## EXERCISE DESCRIPTION
Give back the full listing, exactly as it is.

## DATASET EXTRACT
──────

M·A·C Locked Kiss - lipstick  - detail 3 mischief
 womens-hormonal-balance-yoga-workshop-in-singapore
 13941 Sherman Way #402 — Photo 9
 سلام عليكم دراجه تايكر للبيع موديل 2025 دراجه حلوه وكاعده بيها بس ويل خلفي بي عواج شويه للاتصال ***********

──────

## SOLVED PROBLEM
M·A·C Locked Kiss - lipstick  - detail 3 mischief
 womens-hormonal-balance-yoga-workshop-in-singapore
 13941 Sherman Way #402 — Photo 9
 سلام عليكم دراجه تايكر للبيع موديل 2025 دراجه حلوه وكاعده بيها بس ويل خلفي بي عواج شويه للاتصال ***********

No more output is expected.